Let's hear your reactions:
We all know that Miatas are The Answer -- a proven formula of sweet handling, robust aftermarket, low running costs, cheap enough to be disposable. But when it comes to track driving, they leave a lot to be desired in the area of straight-line performance.
Adding power adds cost and complexity, but taking away weight costs nothing--you can even make money back by selling the parts you remove. With that in mind, a local enthusiast has started ruthlessly stripping salvage Miatas and turning them into super low cost track cars like the one pictured above. The formula is: find a cheap sports car, take off absolutely everything, add safety, done.

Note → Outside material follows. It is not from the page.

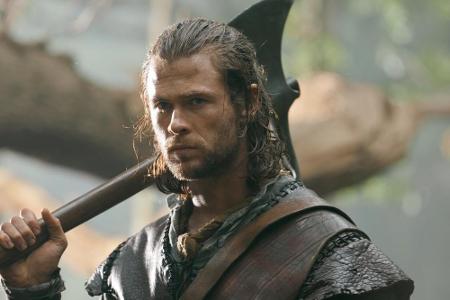 Chris Hemsworth wird in der Rolle des Chris Hemsworth wird in der Rolle des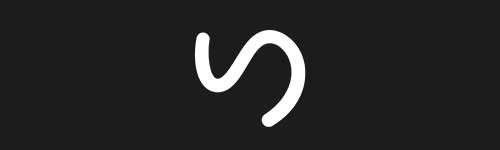 Line 1 brush stroke preview from Doodle Stamps Vol.3 for Procreate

Apparently the car in the photo is about 1,500 lbs wet, street legal, and a total blast to drive on track. Its significantly faster than it was before, stops shorter, and corners much harder too. Top-end speed is very drag limited, but how much over 100mph do those of us doing HPDEs and track days really need to be moving?
The builders have maybe $3K in cash sunk into the car, including the wheels, tires, Konis, Ground Controls and swaybars. Everything that needs wrenching is super accessible.
Yes, its ugly. But it's also cheap, easy and super light, so I don't understand why this naked-car formula isn't already popular among the track-day set. What am I missing?
PS - I'm already trying to picture one of these things with a modified baby-grand stock car body dropped over it.